[chuck-users] cast dur to time?
rjc at MIT.EDU
Tue Jan 8 21:50:57 EST 2008
OK, I'm not a math wiz or even a audio/dsp wiz, and certainly not a ChucK wiz. What exactly does this mean:
now - (now % T) => now;
I've seen it before and am guessing it has something to do with periodicity, but not really sure how this statement works.
----- Original Message -----
To: ChucK Users Mailing List
Sent: Tuesday, January 08, 2008 7:34 PM
Subject: Re: [chuck-users] cast dur to time?
On 08/01/2008, mike clemow <gelfmuse at gmail.com> wrote:
Okay... affine spaces. I'm going to have to wikipedia that one, i'm
afraid (high school math ain't doin' it for me here ;-) I understand
the analogy of vectors and point, though--I think that lends some
credence to the idea that Chuck is already on the right path as far
how the dur and time types work.
I see the analogy and I think it has a lot of merit.

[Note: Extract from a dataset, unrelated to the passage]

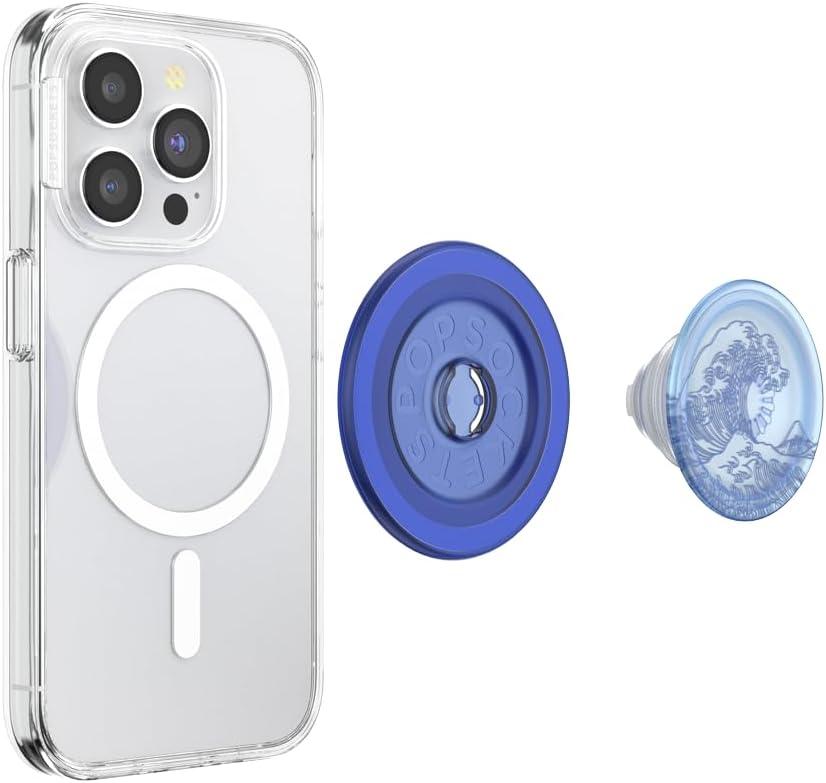 imagePopSockets Phone Grip with Expanding Kickstand Adhesive Grip Neo NoirTranslucent Ocean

I'm also, at the same time, sticking to my older point that ChucK is already muddying the waters and is in fact getting quite a bit of use from that, for example "now - (now % T) => now;", I find that line very beautiful, extremely useful and in direct opposition to looking at time objects are pure references to instances.

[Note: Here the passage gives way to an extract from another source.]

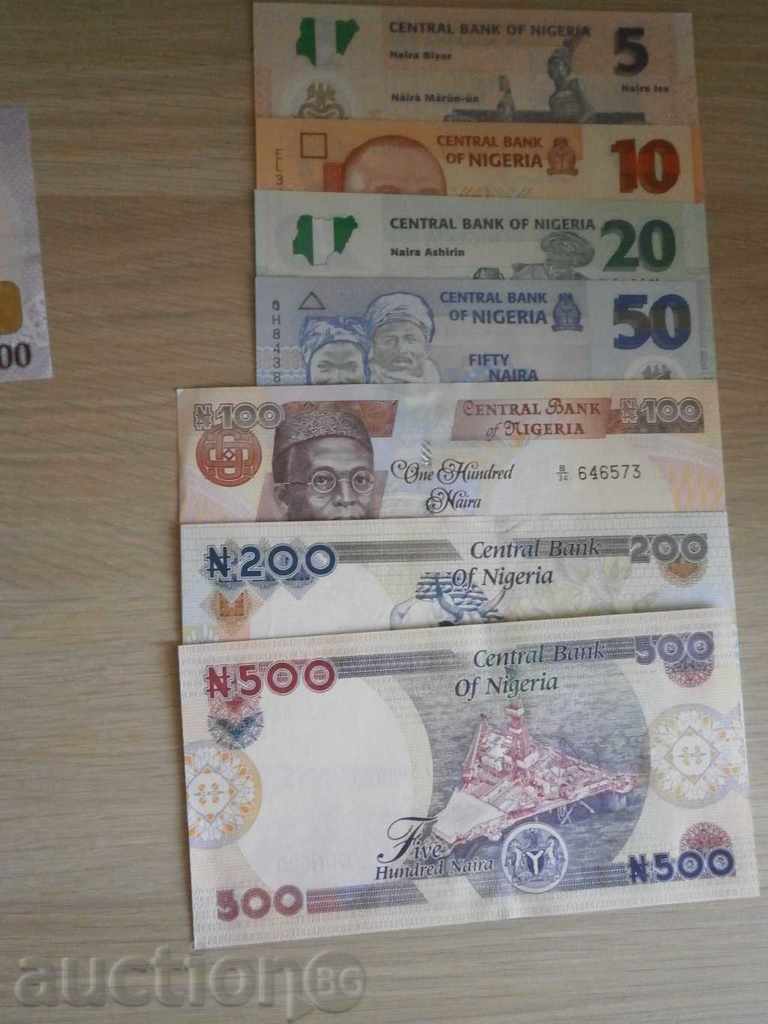 Licitație Lotul de 5,10,20,50,100 și 500 naira-Nigeria preț nou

I still have a few questions. The first is for Kassen: Why do you
want to know the VM start time?
To quote Nick Cave; "I can't see for the smoke so I poke around, I poke around"(etc)
At some moment I just tried it as the units are the same, it didn't work so I tried some more related stuff.

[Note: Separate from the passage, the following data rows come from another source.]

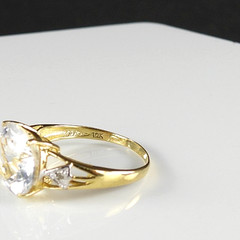 Vintage Solid 10K Yellow Gold Ring White Topaz Diamond Accent Cocktail Jewelry 7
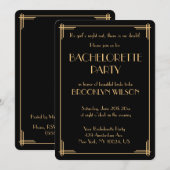 Invitation de fête de Bachelorette Art Déco Black (Devant / Derrière)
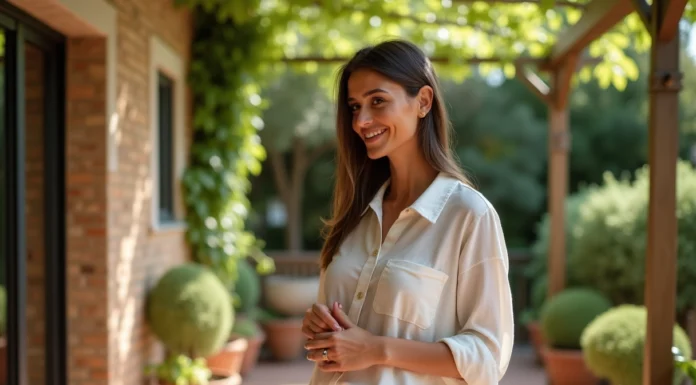 Femme en blouse en lin et pantalon coton dans un jardin méditerranéen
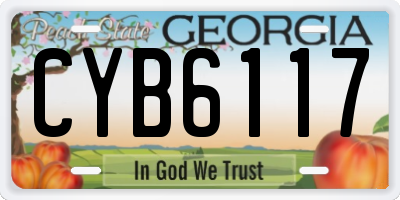 GA license plate CYB6117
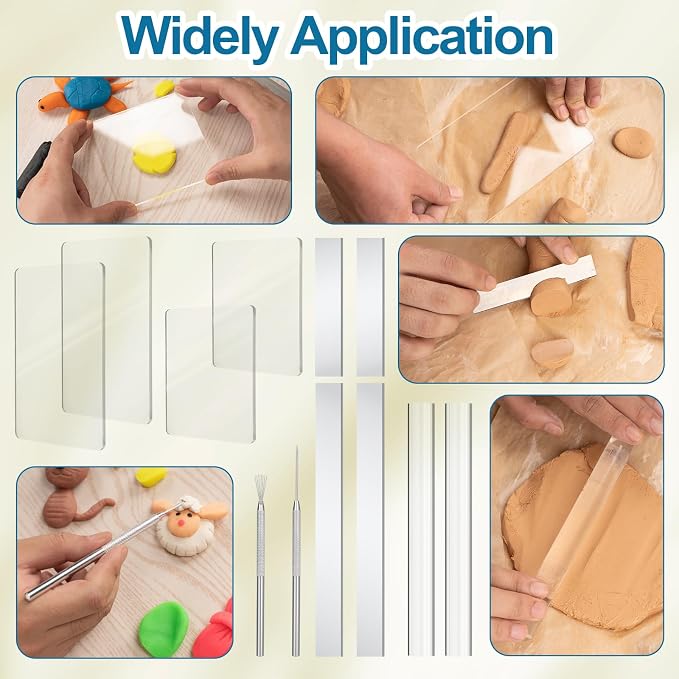 Amrules Clay Tools Kit, Rectangle Shape Acrylic Press Board and Roller Pin - Image 7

I want to learn so I'm asking questions. ChucK is a great tool to put some bangin' beats on the proverbial floor and it's a nice experiment in syntax. I like both aspects a lot. At the core of ChucK's syntax is time and timing so any questions and -possible- incoherency's in working with those are quite interesting.
I can find the birth of the VM and half a minuted after I found out how to I shared this with the list so now we all can, but I think some questions remain. I don't know about you but so far I have used "time" as a data type only rarely and I didn't know that much about it, I think we all know a bit more now. In a way there is a certain philosophical beauty to only being able to define time in relation to the "now" but as this can lead to some decidedly odd expressions I wonder if that's intentional and proper.
As for actual use, I could imagine that referring to absolute moments in time could become useful when writing a score, especially with some sort of sorting, Csound style. Maybe there are other better uses, maybe it's all quite academic? I'm already enthusiastic there are people that have a position on this too.
I'm just thinking out loud...
So was and am I. It's the ultimate in open-source!
"thinking out loud" strikes me as a excelent slogan for a musical programing language.